By: Michele Schimpp, SBA.gov
A study released conducted by the Library of Congress’ Federal Research Division provides insight into a topic that interests every Administration – private sector job creation.
Everyone seems to know that our economy benefits when big businesses keep jobs in the U.S. But what many do not appreciate is that U.S. small businesses are even more important for job growth. Two out of three net new jobs in the U.S. are created by small businesses.
And even less understood is that a significant portion of those jobs in small businesses were created with the help of three groups that are not always popular in the public eye – private investors, banks, and government employees.
Imagine a future scenario in which the U.S. government partners with private investors and banks to help small businesses create and sustain more than 1,300 jobs a day, more than 40,000 jobs a month, and nearly 480,000 jobs a year --all without the need for a government subsidy in a program that pays for itself.
In fact, it’s the successful past track record of the Small Business Investment Company (SBIC) program over the last 20 years. The study that was issued today shows that the U.S. government, working with investors from the private sector, helped small businesses to create and sustain 9.5 million jobs.
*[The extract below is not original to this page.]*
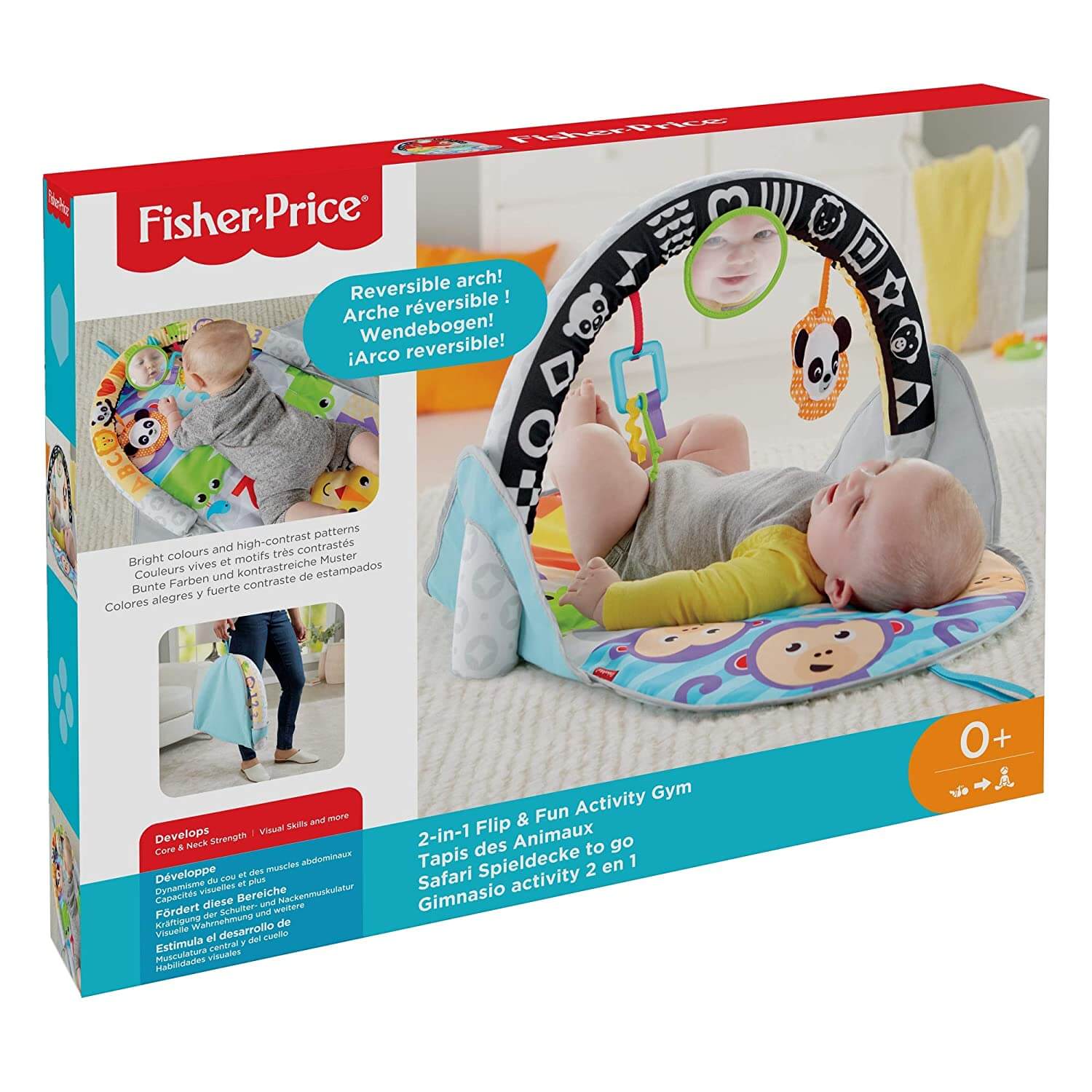 Front view of the Fisher-Price 2 In1 Flip Fun Actvity Gym packaging.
Using data from the Small Business Administration’s (SBA’s) SBIC program, the report finds that from 1995-2014 nearly 3 million new jobs were created by small businesses, with an average investment by SBICs of $14,500 per job. In addition, 6.5 million jobs were sustained by small businesses with an average investment by SBICs of $4,500 per job – jobs that might otherwise have been lost by those companies for lack of access to capital. Equity investments were especially effective in creating jobs in the small businesses financed by SBICs.
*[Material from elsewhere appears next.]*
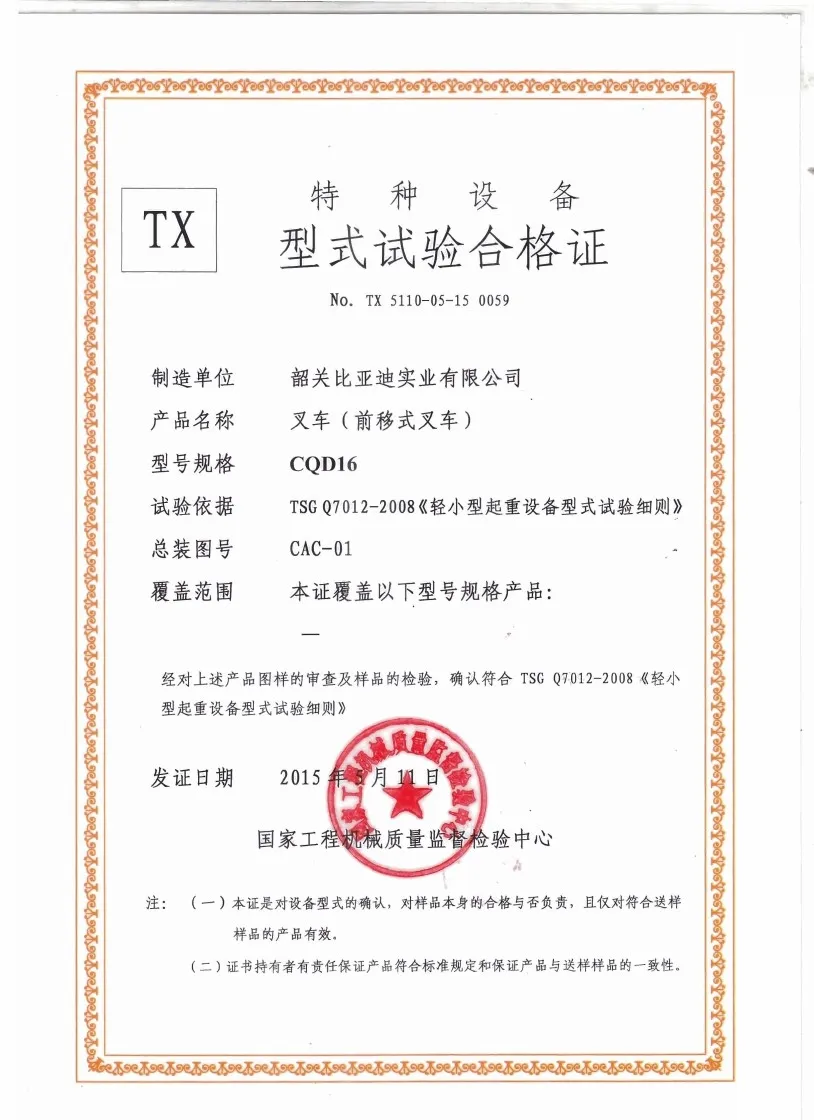 Certificado de ensaio do tipo CQD16(Figura1)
Created in 1958 by President Eisenhower, every president since can take credit for the achievements of the SBIC program over the subsequent 58 years. SBICs have deployed $80.5 billion in capital (two-thirds from the private sector) into approximately 120,000 small businesses. The program uses private capital combined with credit backed by the U.S. government and operates at zero-subsidy to the taxpayer.
Previously, the job creation impact of the program was an estimate based on a report from 1999. SBA’s Office of Investment and Innovation saw the value in sponsoring an external assessment of the SBIC program’s job creation data and commissioned respected academics under the auspices of the Library of Congress’ Federal Research Division to conduct the study. With the release of Measuring the Role of the SBIC Program in Small Business Job Creation by Dr. John Paglia of Pepperdine Graziadio School of Business and Management and Dr. David Robinson of Duke University Fuqua School of Business, working with the Federal Research Division of the Library of Congress, an externally-validated methodology is provided alongside an analysis of job creation from 1995-2014.
Given the significant contribution of SBIC-financed small businesses to job creation nationwide and as the new Administration looks for ways to create private sector jobs, SBICs not only offer a proven model but room to grow. Congress has generously authorized the program at a $4 billion credit ceiling. But existing SBICs have only tapped about $2.6 billion for the last two years, leaving $1.4 billion per year in credit that could have been used to finance small businesses. If future and existing SBICs take full advantage of the additional funding available, more than 85,000 additional jobs could be created each year.
What’s holding us back? Primarily it’s the need to attract additional qualified private investors to the program. With the impressive findings delivered by the Library of Congress’s study, the Office of Investment and Innovation and SBA have the opportunity to draw greater attention to the valuable SBIC program and to celebrate the significant contribution of small businesses and private investors in creating and sustaining much-needed private sector jobs.